Example: limit - 250 MBTs.
Buy 1000 and keep 750 of them in storage. Talking shrink wraps and all.
Train enough crews to man double that, and have the crews rotate on tanks. Those on downtime do simulators and drive on empty hulls made for drivers training.
Storage limitations as well? No biggie. Convince the US to vastly expand its European WRSA and get them closer to Ukraine. Funnel funds saved from reduced defense budget to buy into those WRSA and flex by several hundred percent in size in the course of one week. Location means WRSA are immune.
Basically limiting Ukraine's army size will hardly have any effect on Russia's balance on it.

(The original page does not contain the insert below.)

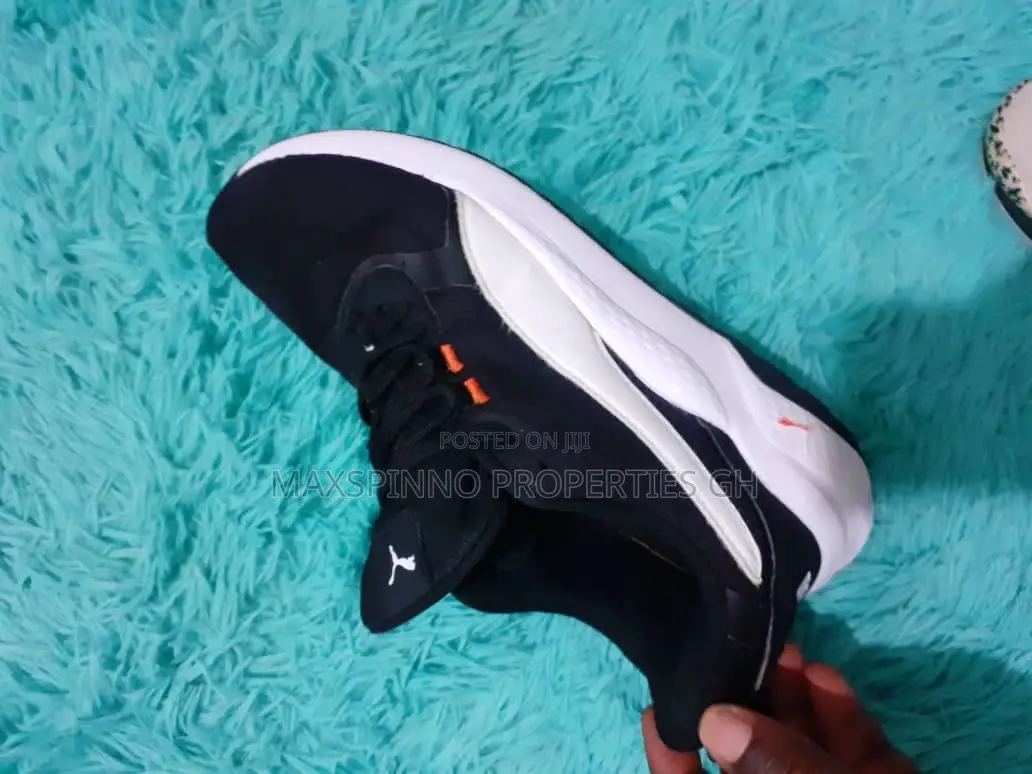 Very Neat Used Sneakers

As long as Europeans are awake to the threat and investing in defense, Ukraine can be almost endlessly restocked.
If Ukraine and NATO play it right, a tactical victory in Ukraine could be a strategic one.
Once Russia withdraws, Ukraine could be admitted to NATO and then it's immunity from Russia.

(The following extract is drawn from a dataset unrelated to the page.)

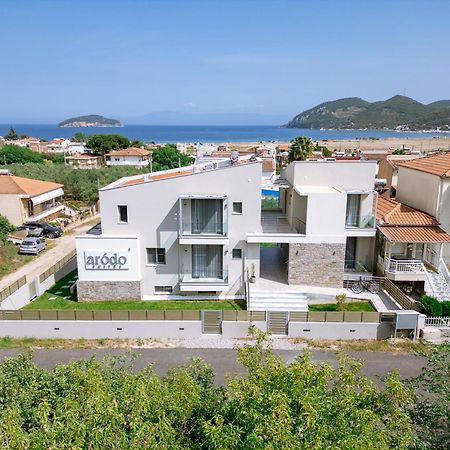 Arodo Suites Nea Iraklitsa Экстерьер фото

Size limitations might also include service member numbers limitations (again like Germany post-WWI). And again this is just my speculation, so feel free to take it with a grain of salt. And a pile of US weapons in Germany or France would take time to reach Ukraine. Especially when we're talking about equipping entire units out of the box. To top it off, Ukraine hasn't exactly done well in training or structuring their force before this war. Between rampant corruption and just general inefficiency, there's no reason to think they can keep tank crews well trained on shared MBTs when they hard a hard time doing it on not-shared MBTs.

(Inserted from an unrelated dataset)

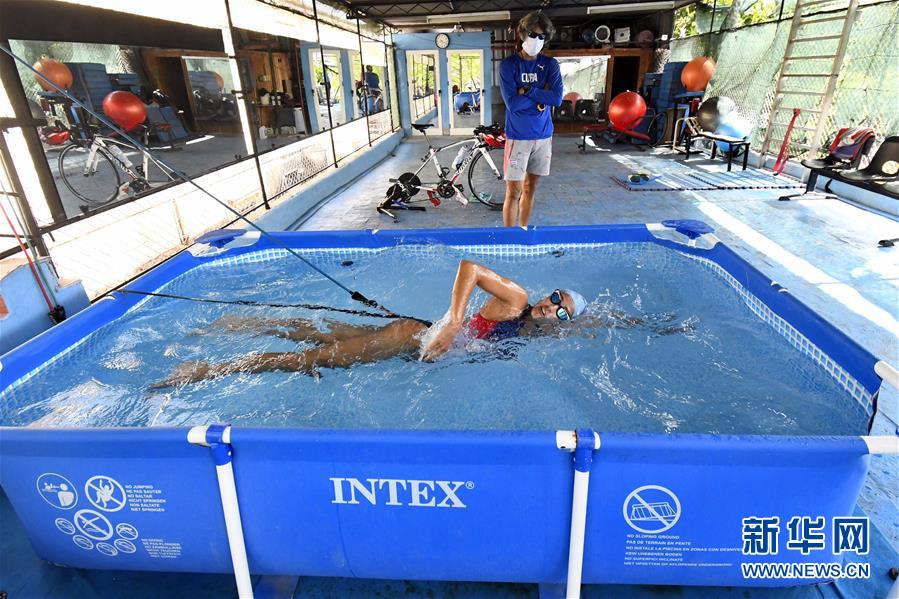 （全球抗疫進行時&middot;圖文互動）（4）屋頂上的訓(xùn)練場&mdash;&mdash;古巴鐵人三項運動員疫情下居家訓(xùn)練備戰(zhàn)奧運會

To be clear, the scenario you describe is totally possible, and if we were talking about a western military, even probable. But it's Ukraine, so who knows. It might work out that way. It might not. And it might be that Russia partitions Ukraine, when they discover that the west isn't willing to make deal that they're happy with. What starts out as a negotiating position (for example "we will stop occupying Kiev, and south-eastern Ukraine in exchange for lifting of certain sanctions, and a neutral status for all of Ukraine) could turn into a permanent stalemate if/when a "rump Ukraine" government in L'vov, with western backing, refuses the deal completely leaving Russia sitting with territory it doesn't necessarily want, sanctions that are downright crippling, no way to back down without losing, increasing costs to just sitting there, and no way to move forward without an even bigger escalation. And then there won't be any restrictions on the size of Ukraine's military, other than the resources the west is willing to pour into it, and the physical manpower available in the remaining regions under Ukrainian control.
I honestly don't know. As I said before this invasion, I don't see what Russia has to gain. I think it was a bad move, with no real way out and it's not clear how Russia intends to move forward. I don't see any possible gain that can offset the damage of sanctions and political fallout from this, even if we assume that some of the worst sanctions get lifted shortly after the war ends. And that's a pretty big assumption (going into it are considerations that Russia will leave Ukraine after some sort of settlement, that the West, Russia, and Ukraine, will all agree to a settlement, and that this settlement will be enough to lift some of the worst sanctions).